For a Hungarian it is so obvious to call this game fej vagy írás, “head or script” that he would not believe if somebody told him that no other people says it exactly like this. The Germans say Kopf oder Zahl, the Spaniards and Italians Cara o cruz and Testa o croce, the Poles – just like Russians, and obviously after the same kopeiki – Orzeł czy reszka, the Irishmen Head or harps, the Greeks Κορώνα η γράμματα (crown or script), and the ancient Latins Navia aut caput (ship or head [of Janus]), depending on the actual designs of their coins. The most absurd one is the English Heads or tails, where “tails” does not refer to the image on the reverse, but as we read it in the 1870 edition of Brewer’s Dictionary of Phrase and Fable, “is the opposite and obvious reverse to heads. The expression ‘can’t make head nor tail of it’ expresses this concept of opposites”.

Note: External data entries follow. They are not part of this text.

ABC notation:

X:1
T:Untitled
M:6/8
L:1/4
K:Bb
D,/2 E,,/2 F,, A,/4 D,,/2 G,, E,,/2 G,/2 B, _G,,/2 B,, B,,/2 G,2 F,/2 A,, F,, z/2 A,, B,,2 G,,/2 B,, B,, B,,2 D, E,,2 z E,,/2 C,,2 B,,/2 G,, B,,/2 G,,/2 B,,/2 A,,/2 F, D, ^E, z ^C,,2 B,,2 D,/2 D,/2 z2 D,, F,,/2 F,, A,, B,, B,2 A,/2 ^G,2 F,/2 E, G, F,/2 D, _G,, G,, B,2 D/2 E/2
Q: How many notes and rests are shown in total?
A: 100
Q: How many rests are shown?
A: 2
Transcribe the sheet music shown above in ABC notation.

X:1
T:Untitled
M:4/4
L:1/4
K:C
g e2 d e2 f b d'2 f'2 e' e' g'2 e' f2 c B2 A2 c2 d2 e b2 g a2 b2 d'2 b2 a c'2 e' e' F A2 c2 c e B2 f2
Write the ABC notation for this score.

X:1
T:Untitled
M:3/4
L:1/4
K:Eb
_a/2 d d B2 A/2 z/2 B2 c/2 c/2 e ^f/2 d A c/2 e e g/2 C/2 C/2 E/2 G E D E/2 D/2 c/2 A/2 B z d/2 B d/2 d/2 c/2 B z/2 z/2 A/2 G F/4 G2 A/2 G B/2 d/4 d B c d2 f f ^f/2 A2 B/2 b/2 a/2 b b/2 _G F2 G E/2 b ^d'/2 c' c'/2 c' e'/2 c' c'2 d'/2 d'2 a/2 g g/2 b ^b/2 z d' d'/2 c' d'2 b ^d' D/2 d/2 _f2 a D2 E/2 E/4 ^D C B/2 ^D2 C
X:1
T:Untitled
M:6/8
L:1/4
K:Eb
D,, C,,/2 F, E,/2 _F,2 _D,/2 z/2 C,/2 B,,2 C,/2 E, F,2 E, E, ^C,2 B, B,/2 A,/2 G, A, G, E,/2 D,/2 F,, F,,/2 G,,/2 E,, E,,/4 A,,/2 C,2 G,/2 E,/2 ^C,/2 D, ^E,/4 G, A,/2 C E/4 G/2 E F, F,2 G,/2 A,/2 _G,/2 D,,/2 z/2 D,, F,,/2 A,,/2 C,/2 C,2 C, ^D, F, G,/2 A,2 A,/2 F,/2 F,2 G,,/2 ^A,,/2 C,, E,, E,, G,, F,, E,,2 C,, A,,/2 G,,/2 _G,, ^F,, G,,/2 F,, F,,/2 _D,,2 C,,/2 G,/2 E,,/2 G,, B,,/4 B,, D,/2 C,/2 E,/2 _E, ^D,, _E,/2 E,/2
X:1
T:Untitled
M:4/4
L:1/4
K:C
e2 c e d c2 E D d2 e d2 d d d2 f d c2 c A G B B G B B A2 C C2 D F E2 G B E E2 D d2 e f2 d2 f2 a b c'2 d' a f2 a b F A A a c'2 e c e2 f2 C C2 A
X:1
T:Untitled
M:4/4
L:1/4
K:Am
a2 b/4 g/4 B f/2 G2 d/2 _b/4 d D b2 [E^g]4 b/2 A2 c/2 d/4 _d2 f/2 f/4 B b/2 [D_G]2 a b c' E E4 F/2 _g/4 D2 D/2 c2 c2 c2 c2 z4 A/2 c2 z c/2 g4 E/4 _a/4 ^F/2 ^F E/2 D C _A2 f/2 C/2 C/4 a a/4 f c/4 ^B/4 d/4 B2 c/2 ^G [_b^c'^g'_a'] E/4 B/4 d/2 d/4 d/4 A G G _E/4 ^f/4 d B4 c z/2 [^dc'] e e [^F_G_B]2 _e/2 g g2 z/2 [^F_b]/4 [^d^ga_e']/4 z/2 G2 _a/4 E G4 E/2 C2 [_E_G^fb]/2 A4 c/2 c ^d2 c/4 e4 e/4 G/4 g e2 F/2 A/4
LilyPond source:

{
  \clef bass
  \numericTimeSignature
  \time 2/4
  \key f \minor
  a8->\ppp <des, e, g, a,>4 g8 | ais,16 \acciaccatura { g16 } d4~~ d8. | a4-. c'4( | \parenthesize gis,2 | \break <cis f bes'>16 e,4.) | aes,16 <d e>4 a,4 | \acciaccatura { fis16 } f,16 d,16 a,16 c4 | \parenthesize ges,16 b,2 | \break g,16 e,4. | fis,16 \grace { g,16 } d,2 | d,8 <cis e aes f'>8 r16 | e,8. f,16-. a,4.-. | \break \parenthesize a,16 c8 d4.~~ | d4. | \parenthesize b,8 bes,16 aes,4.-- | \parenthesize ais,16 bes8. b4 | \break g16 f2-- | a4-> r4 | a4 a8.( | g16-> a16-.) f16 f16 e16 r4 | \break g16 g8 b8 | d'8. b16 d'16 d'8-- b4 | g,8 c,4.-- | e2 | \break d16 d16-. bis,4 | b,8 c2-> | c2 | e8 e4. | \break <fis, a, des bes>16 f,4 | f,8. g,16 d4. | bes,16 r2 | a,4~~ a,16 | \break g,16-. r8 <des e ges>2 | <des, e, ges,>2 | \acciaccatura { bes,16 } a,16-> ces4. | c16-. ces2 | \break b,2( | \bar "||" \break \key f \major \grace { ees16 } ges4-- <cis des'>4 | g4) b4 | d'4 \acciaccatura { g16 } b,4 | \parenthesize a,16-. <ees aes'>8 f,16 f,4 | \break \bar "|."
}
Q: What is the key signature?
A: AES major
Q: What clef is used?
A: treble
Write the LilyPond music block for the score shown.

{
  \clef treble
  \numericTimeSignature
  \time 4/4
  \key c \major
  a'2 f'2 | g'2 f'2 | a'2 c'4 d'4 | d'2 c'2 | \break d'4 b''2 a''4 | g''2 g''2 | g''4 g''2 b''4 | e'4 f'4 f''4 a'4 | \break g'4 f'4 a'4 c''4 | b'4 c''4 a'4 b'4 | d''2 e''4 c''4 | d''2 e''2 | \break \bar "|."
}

If the Russian simplefolk were wealthy enough, then instead of kopeiki they could have played the game also with poltiniks (half-rubles), and thus call it “head or eagle” or even “one head or double-head”. But then they certainly would have had some different festive entertainment.


“If on a Sunday you looked down from the hill, you could only see the restless groups of those playing “heads or tails” everywhere. Now they bend down to throw money in the center of the circle or to clean up the winnings, now the toss their heads to stare at the sky, with their eyes following the path of the way of the petak [five kopeks], and then running violently to where it fell on the ground. If the head is up, then only the thrower bends down to pick up all the money, while the others dig out new stake from their pockets and erect new columns of copper and silver coins, with the silver ones on the top so it could be clearly seen how much money it is. The thrower examines the towers, and if the value exceeds the power of his purse, he lets removed from it, but if his pocket can bear it, he says: “I hold it!” He spits on the head – this is a kind of superstition – and rubs it to the sole of his boot, then he throws with an expert hand the petak, which is spinning whistling in the air, it is almost lost from sight, and the crowd once again raise their heads upwards. – “They are praying for rain” – the kibitzes say.”
V. A. Gilyarovsky: Мои скитания (My Travels), “The Theatre”

According to the inscription on the back of the postcard, the picture was taken on the territory of the Ленскiй Горный Округъ, the Lensk Mining District. The town of Lensk was founded along the Siberian river of Lena on the place of an Evenki settlement called Mukhtua which means “large water”. In the 19th and 20th century it was one of the centers of political prisoners sent to Siberian exile, and a number of various mines operated in its neighborhood. Such was also the Феодосьевский прiискъ, Feodosev Mine to be seen on the photo. In local histories one could certainly find more data about it, but on the internet it has only a single occurrence. It is frozen, like an archive photo, into the sample sentence taken from Soviet writer Vissarion Sayanov with which the Russian academic dictionary and its offsprings have illustrated the verb смочь, “can” since 1957:

Вскоре Чердынцев смог вернуться на Феодосьевский прииск.
Cherdintsev could soon return to the Feodosev Mine.

Perhaps he is already there on the picture.

From late 19th century a number of Russian companies of photography found it profitable to publish postcards on Siberian towns and landscapes. There were surely several photos taken on the territory of the Lensk Mining District as well, if this one is numbered as 58. Eight further ones can be seen on the portal devoted to the vintage postcards of the Russian Empire.


The sender of the postcard informs Anna Alexandrovna that if all goes well, he will arrive between 20 and 22 August to St. Petersburg. The date of the postcard is 28 July 1914.

The next day at five o’clock in the morning the general mobilization was ordered in Russia.